# What you have to do:
Output only the lines below that start at the line containing "Hillmain Hotel screenshot 4" and end at the line containing "Skaven Strand House", with both ends kept.

# Extracted information:
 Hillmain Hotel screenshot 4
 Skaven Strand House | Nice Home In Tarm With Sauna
---
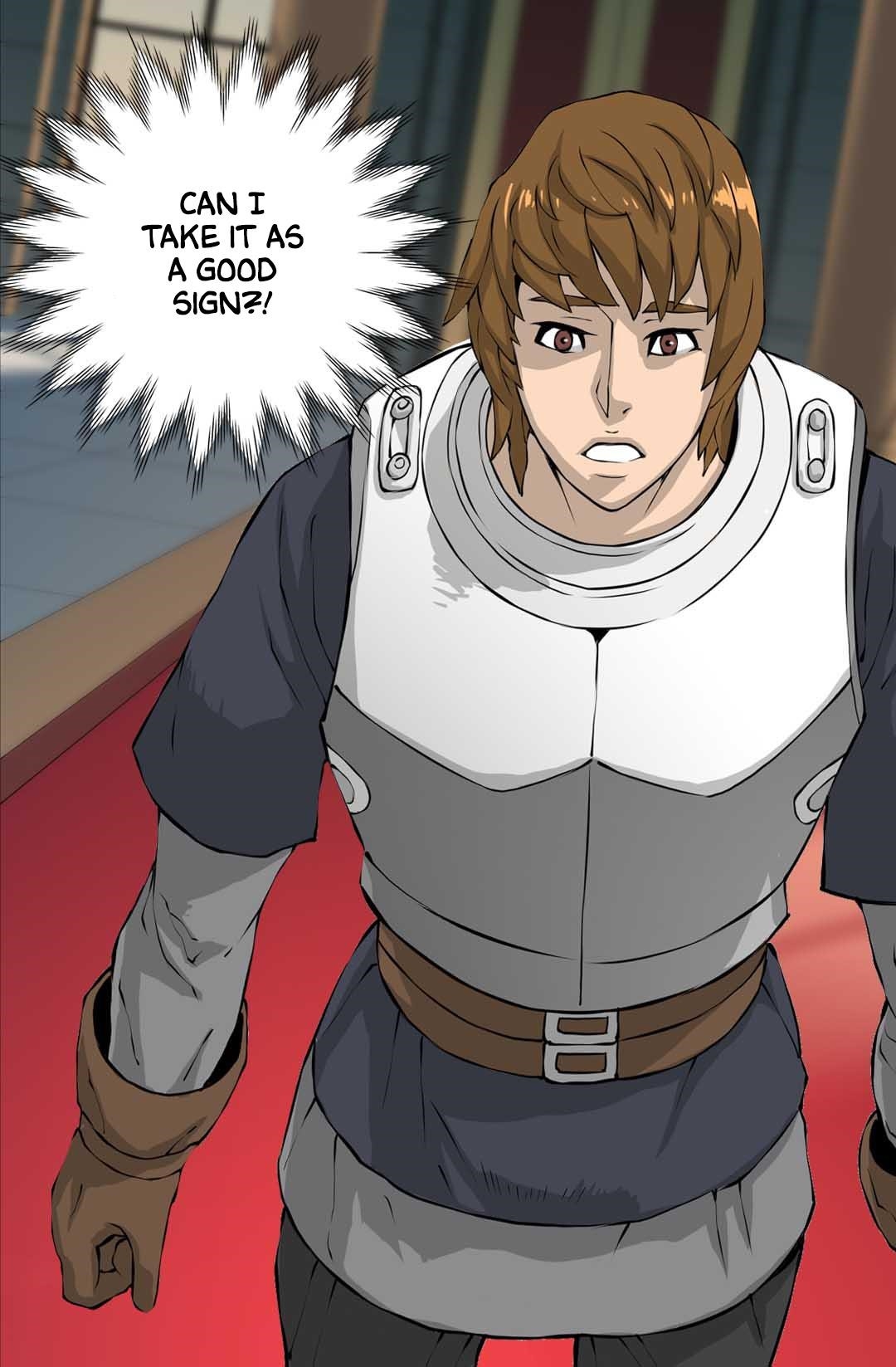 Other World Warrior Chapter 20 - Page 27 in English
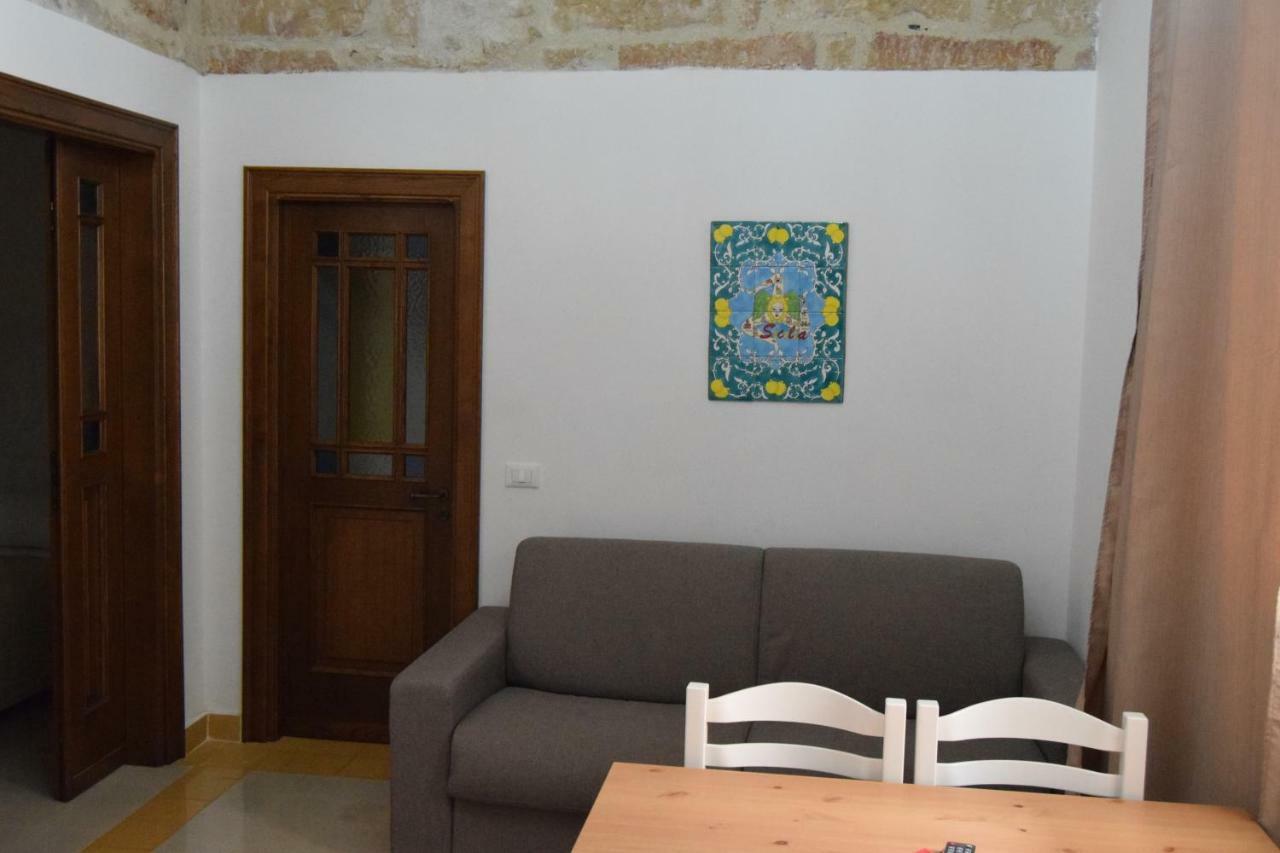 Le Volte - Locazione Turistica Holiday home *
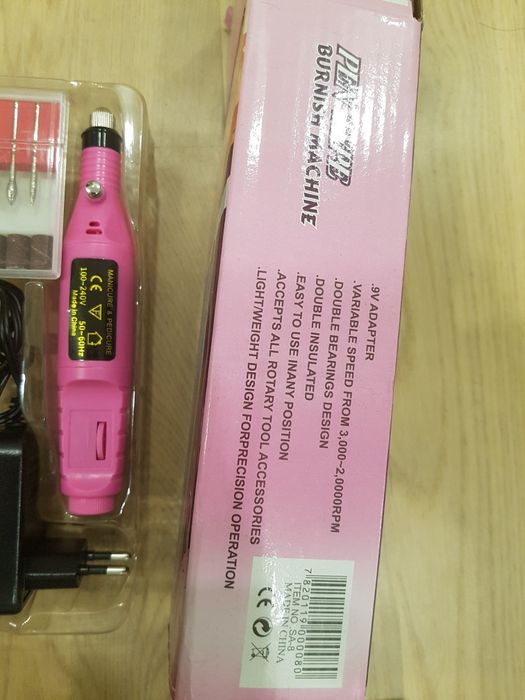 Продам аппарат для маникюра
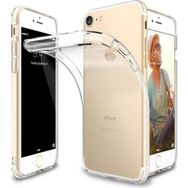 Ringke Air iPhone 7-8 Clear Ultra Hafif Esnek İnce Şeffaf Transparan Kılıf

# Solution:
 Hillmain Hotel screenshot 4
 Skaven Strand House | Nice Home In Tarm With Sauna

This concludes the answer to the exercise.